> Problem description
If an entry holds a picture, leave the picture out and copy the rest of the listing exactly.

START Given information

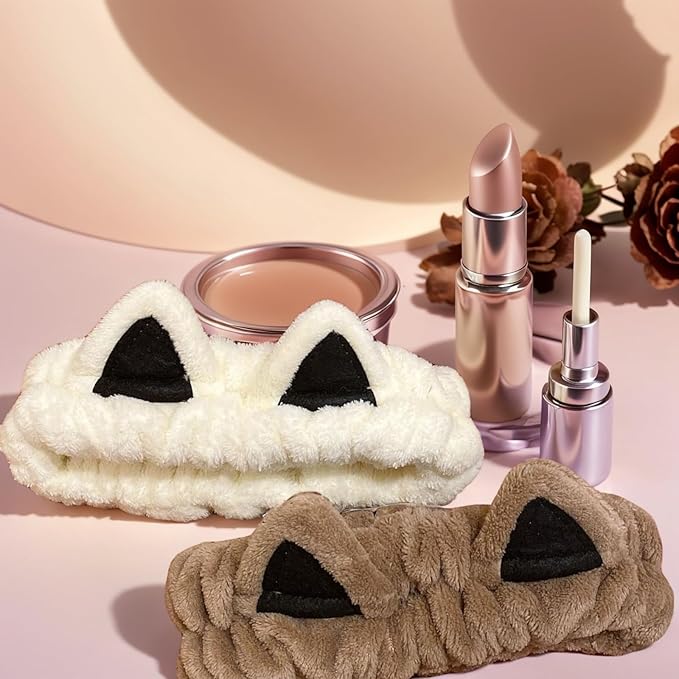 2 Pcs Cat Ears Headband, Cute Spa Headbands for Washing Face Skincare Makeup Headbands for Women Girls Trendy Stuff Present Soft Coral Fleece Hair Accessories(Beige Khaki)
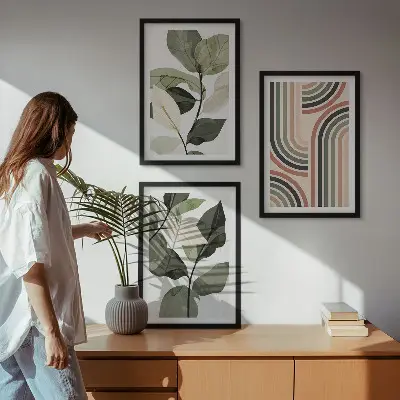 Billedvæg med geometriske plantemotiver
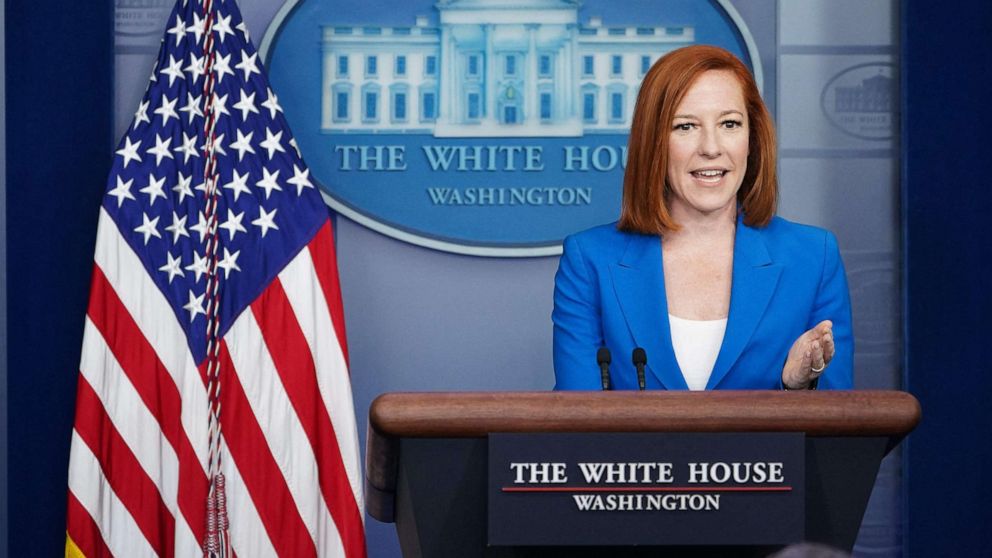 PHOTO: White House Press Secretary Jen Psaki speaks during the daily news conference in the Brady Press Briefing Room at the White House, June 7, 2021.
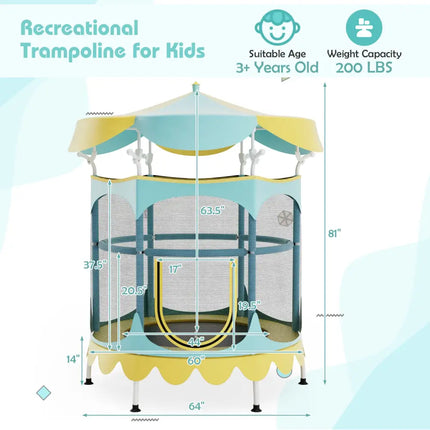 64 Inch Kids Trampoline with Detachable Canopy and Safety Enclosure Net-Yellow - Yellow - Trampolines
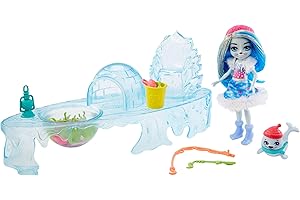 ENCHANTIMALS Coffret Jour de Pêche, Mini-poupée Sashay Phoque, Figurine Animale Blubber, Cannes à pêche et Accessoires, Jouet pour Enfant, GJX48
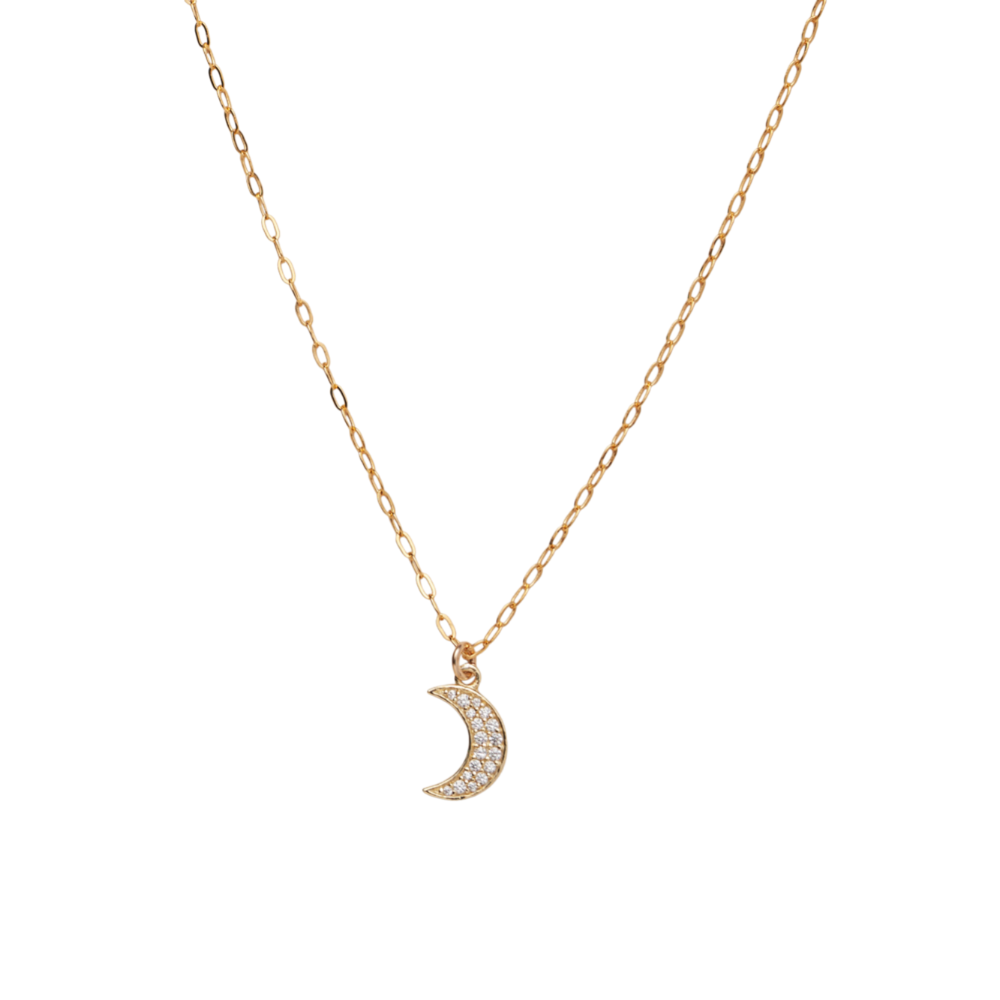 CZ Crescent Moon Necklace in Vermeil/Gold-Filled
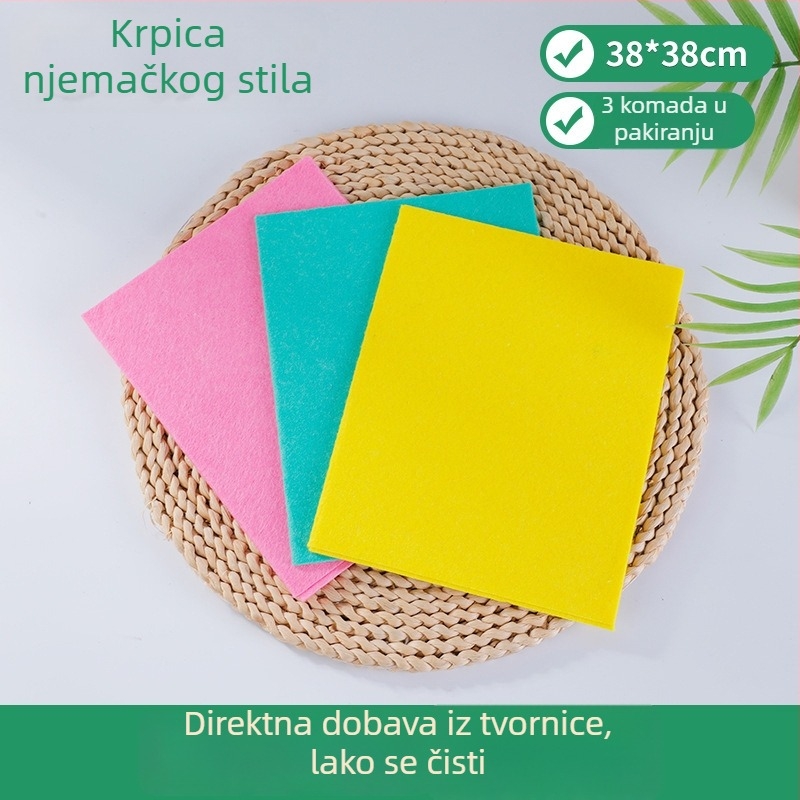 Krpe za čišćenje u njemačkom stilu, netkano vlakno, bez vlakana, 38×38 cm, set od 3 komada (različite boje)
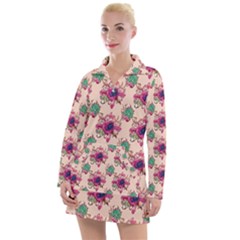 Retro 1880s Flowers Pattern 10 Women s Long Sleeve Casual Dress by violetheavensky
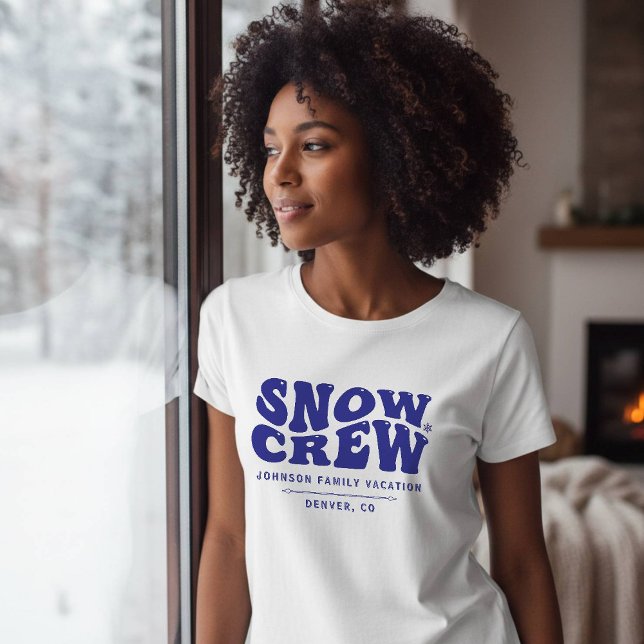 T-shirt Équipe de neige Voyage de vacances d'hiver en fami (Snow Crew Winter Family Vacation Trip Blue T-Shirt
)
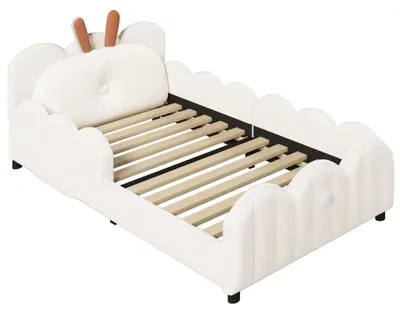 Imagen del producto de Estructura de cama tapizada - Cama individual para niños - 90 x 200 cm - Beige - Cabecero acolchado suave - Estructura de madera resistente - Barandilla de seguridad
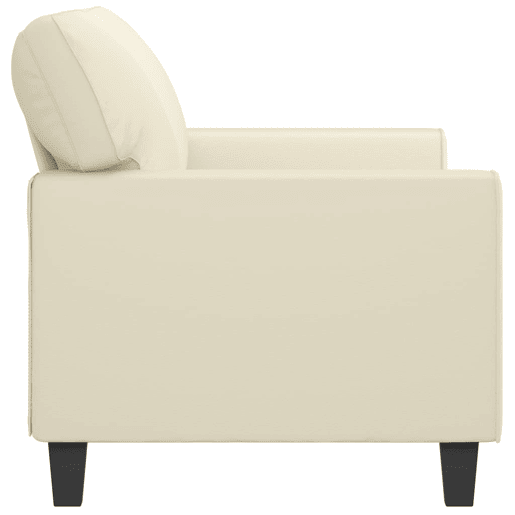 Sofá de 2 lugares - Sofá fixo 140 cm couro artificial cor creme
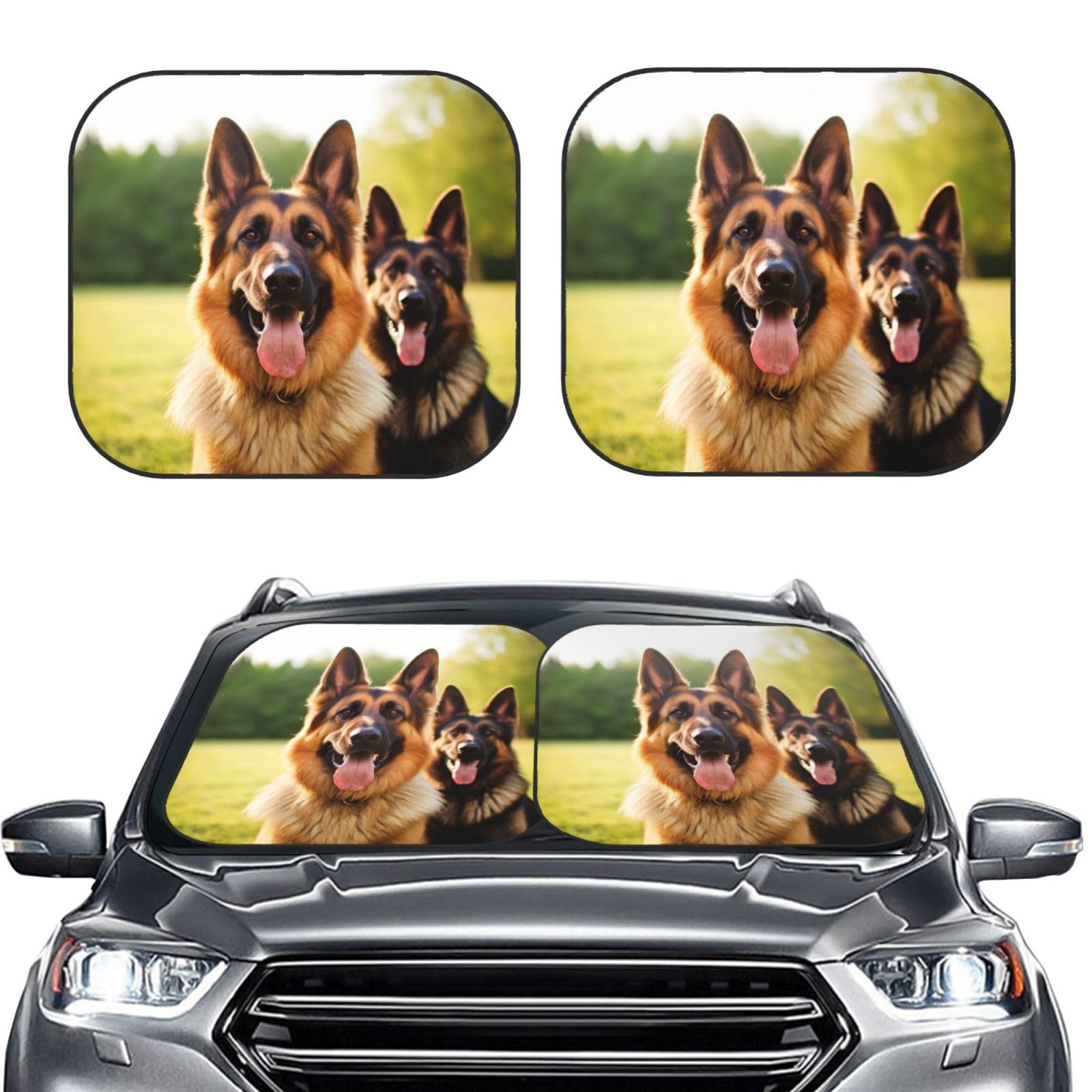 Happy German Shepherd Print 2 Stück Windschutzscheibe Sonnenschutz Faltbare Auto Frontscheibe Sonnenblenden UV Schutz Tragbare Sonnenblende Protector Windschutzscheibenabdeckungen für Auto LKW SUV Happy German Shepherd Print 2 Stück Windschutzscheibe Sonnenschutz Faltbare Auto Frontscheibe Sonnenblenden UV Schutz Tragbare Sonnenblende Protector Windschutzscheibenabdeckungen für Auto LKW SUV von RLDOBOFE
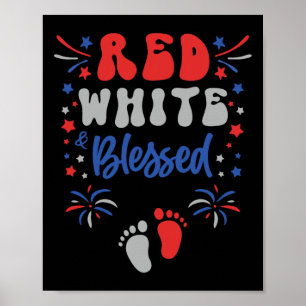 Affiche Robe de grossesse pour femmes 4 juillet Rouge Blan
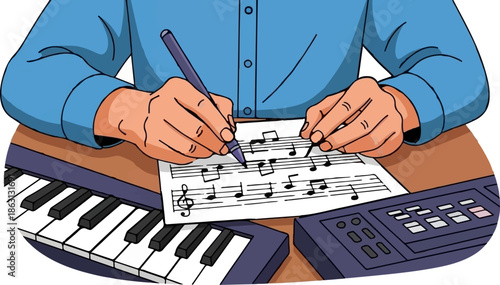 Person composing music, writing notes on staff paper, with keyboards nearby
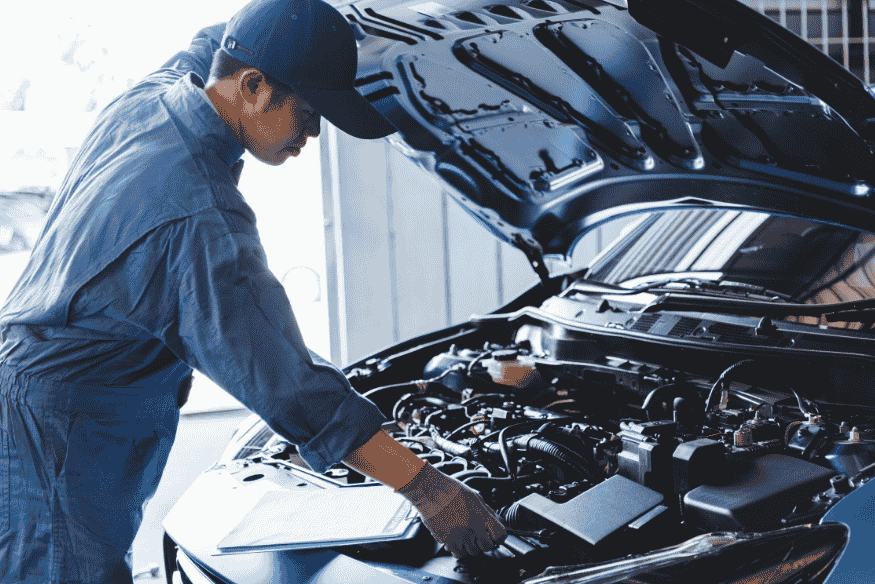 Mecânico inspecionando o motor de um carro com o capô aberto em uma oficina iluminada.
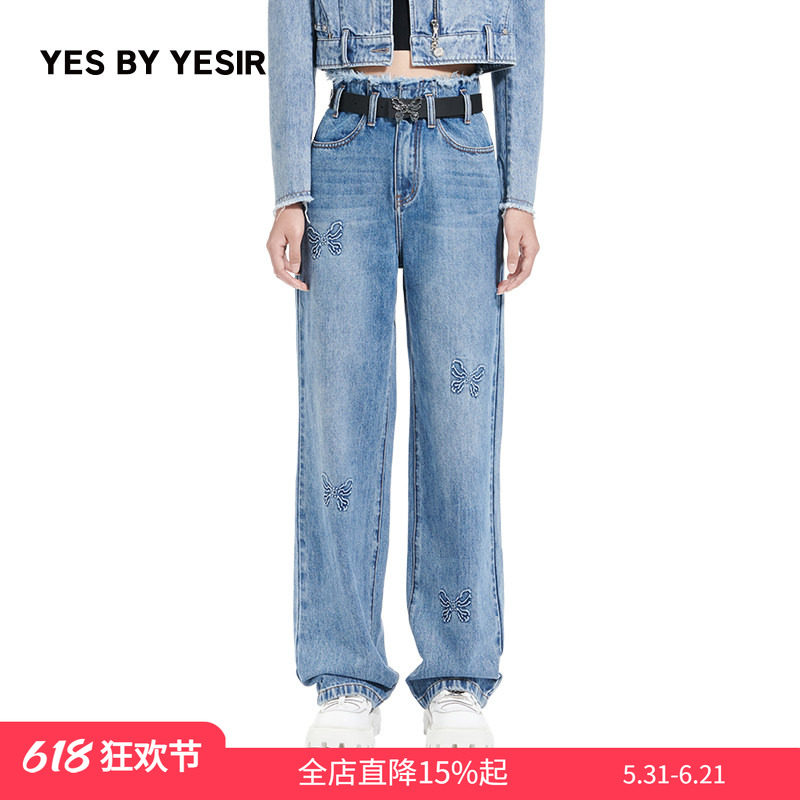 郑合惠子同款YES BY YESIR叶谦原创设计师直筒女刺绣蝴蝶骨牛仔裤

END Given information

> Final answer
 2 Pcs Cat Ears Headband, Cute Spa Headbands for Washing Face Skincare Makeup Headbands for Women Girls Trendy Stuff Present Soft Coral Fleece Hair Accessories(Beige Khaki)
 Billedvæg med geometriske plantemotiver
 PHOTO: White House Press Secretary Jen Psaki speaks during the daily news conference in the Brady Press Briefing Room at the White House, June 7, 2021.
 64 Inch Kids Trampoline with Detachable Canopy and Safety Enclosure Net-Yellow - Yellow - Trampolines
 ENCHANTIMALS Coffret Jour de Pêche, Mini-poupée Sashay Phoque, Figurine Animale Blubber, Cannes à pêche et Accessoires, Jouet pour Enfant, GJX48
 CZ Crescent Moon Necklace in Vermeil/Gold-Filled
 Krpe za čišćenje u njemačkom stilu, netkano vlakno, bez vlakana, 38×38 cm, set od 3 komada (različite boje)
 Retro 1880s Flowers Pattern 10 Women s Long Sleeve Casual Dress by violetheavensky
 T-shirt Équipe de neige Voyage de vacances d'hiver en fami (Snow Crew Winter Family Vacation Trip Blue T-Shirt
)
 Imagen del producto de Estructura de cama tapizada - Cama individual para niños - 90 x 200 cm - Beige - Cabecero acolchado suave - Estructura de madera resistente - Barandilla de seguridad
 Sofá de 2 lugares - Sofá fixo 140 cm couro artificial cor creme
 Happy German Shepherd Print 2 Stück Windschutzscheibe Sonnenschutz Faltbare Auto Frontscheibe Sonnenblenden UV Schutz Tragbare Sonnenblende Protector Windschutzscheibenabdeckungen für Auto LKW SUV Happy German Shepherd Print 2 Stück Windschutzscheibe Sonnenschutz Faltbare Auto Frontscheibe Sonnenblenden UV Schutz Tragbare Sonnenblende Protector Windschutzscheibenabdeckungen für Auto LKW SUV von RLDOBOFE
 Affiche Robe de grossesse pour femmes 4 juillet Rouge Blan
 Person composing music, writing notes on staff paper, with keyboards nearby
 Mecânico inspecionando o motor de um carro com o capô aberto em uma oficina iluminada.
 郑合惠子同款YES BY YESIR叶谦原创设计师直筒女刺绣蝴蝶骨牛仔裤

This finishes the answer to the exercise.